Статья С. Н. Булгакова о “Моцарте и Сальери” тесно связана с философско-полемическим контекстом своего времени13 и вследствие этого сосредоточена лишь на одной теме пьесы, и все же в истории ее постижения она стала своеобразной вершиной, с которой профессиональное пушкиноведение XX века снова скатилось на путь противопоставления героев, зачастую бесплодного, и соответственно — на путь суда над Сальери. Но Пушкин в этом суде не участвует, как не участвует он и в суде Сальери над Моцартом.

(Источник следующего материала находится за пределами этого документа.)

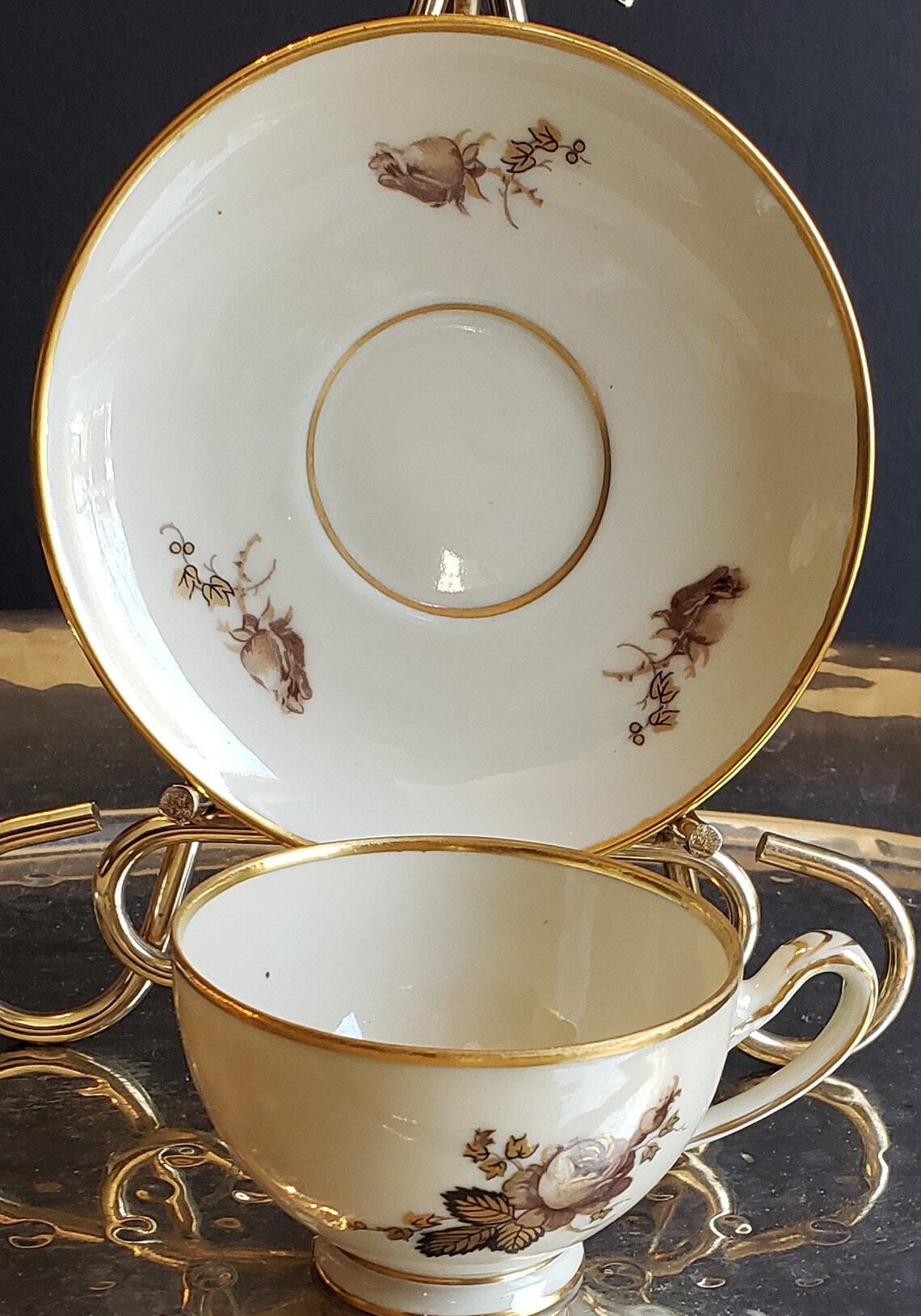 Vintage NHS Kongens Lyngby Denmark Teacup & Saucer Tea Cup Set Etsy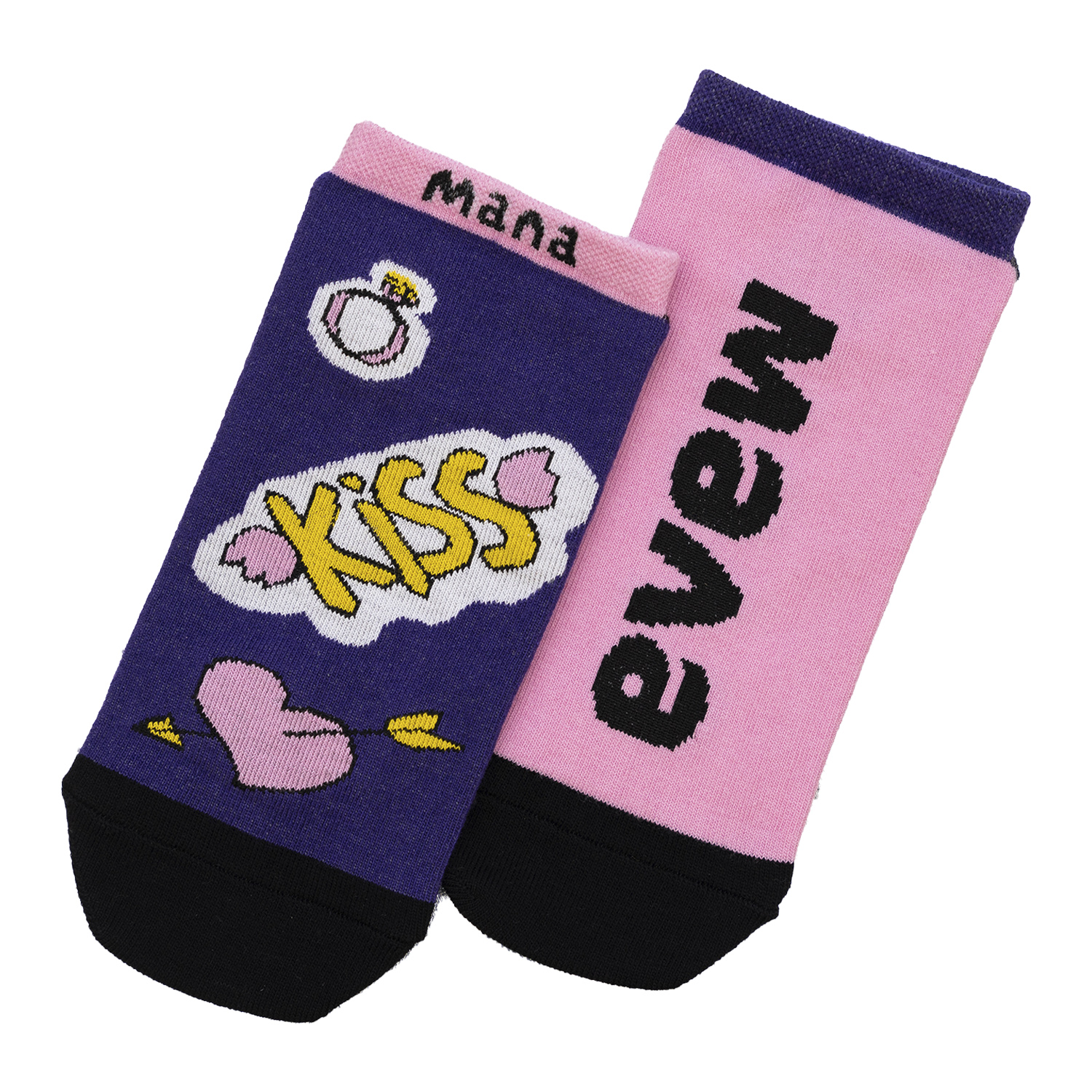 

Носки женские Premier Socks 54740 36-39 Розово-фиолетовые с принтом "KISS"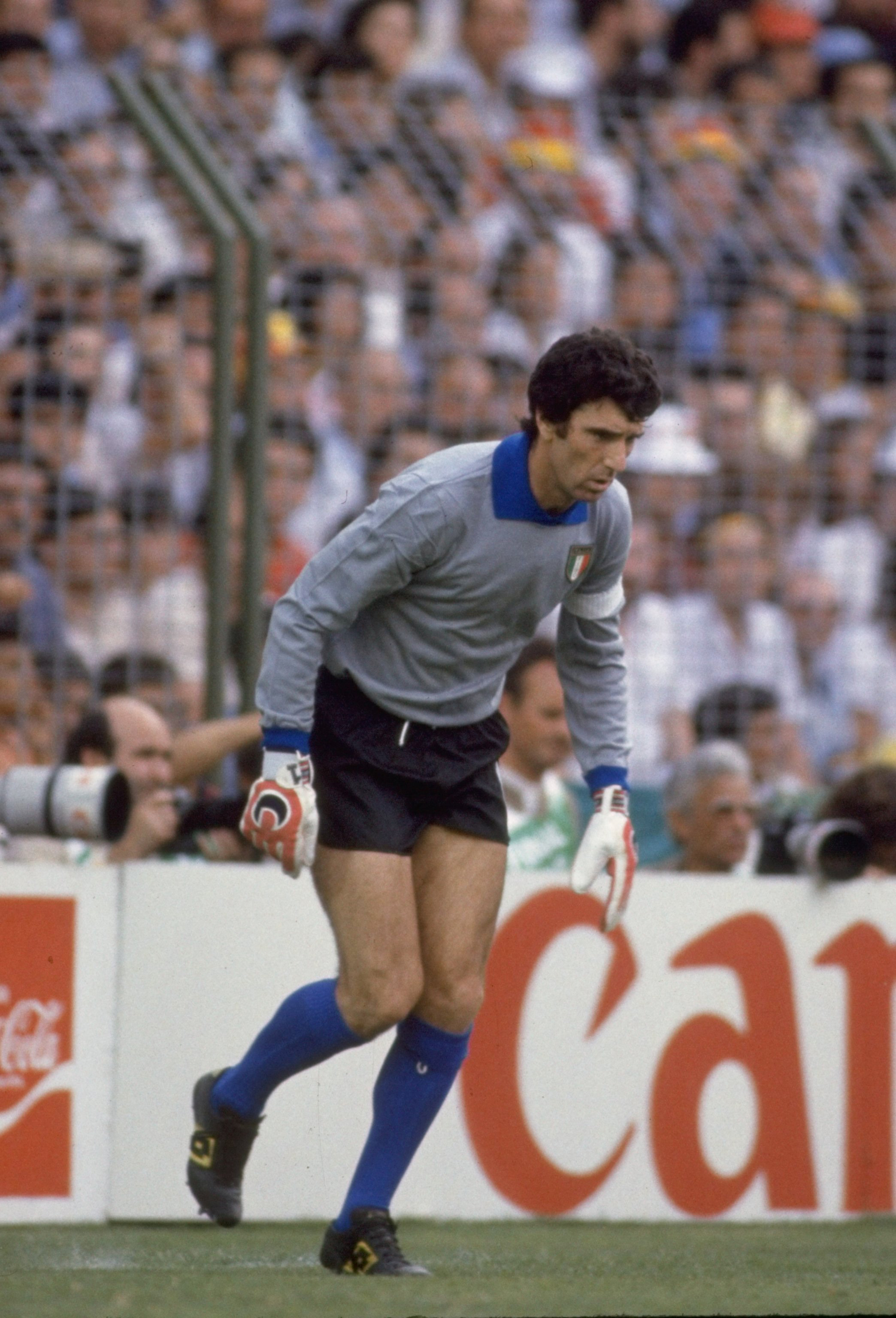 1982:  Dino Zoff of Italy during the World Cup in Spain. \ Mandatory Credit: AllsportUK  /Allsport
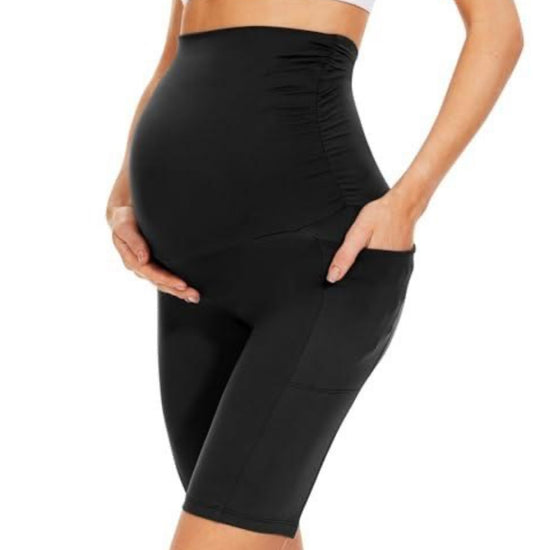 Maternity Shorts Over Belly with Pockets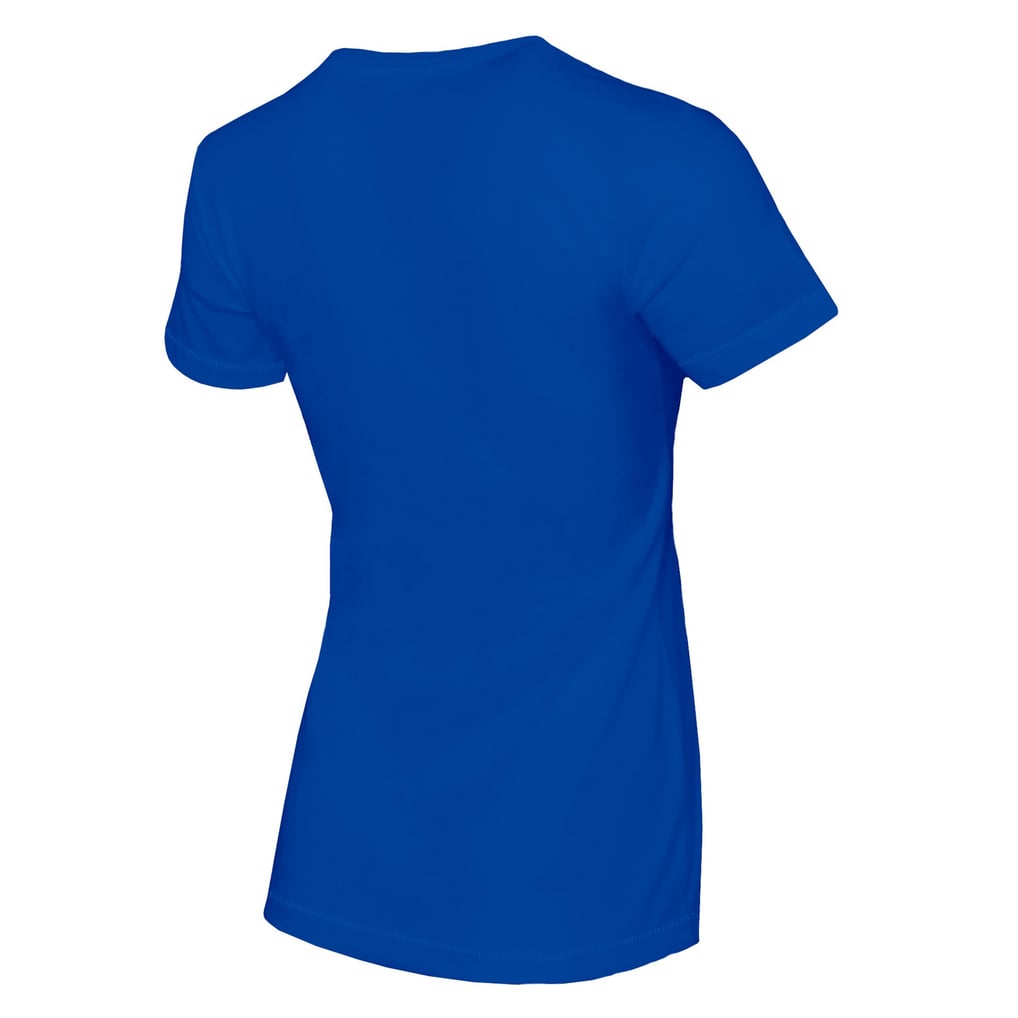 New York Mets Tiny Turnip Women's Base Stripe T-Shirt - Royal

В отношениях двух героев он исследует трагедию творчества, трагедию дружбы, трагедию творящей личности и вообще двойственной природы человека.

Чтобы осмыслить пушкинскую художественную идею, стоит вспомнить Андрея Платонова, писавшего по поводу “Медного Всадника”: “Вся <…> поэма трактована Пушкиным в духе равноценного, хотя и разного по внешним признакам отношения к Медному Всаднику и Евгению. Вот в чем дело. <…> Пушкин отдает и Петру и Евгению одинаковую поэтическую силу, причем нравственная ценность обоих образов равна друг другу. <…> Трагедия налицо лишь между равновеликими силами <…>”14.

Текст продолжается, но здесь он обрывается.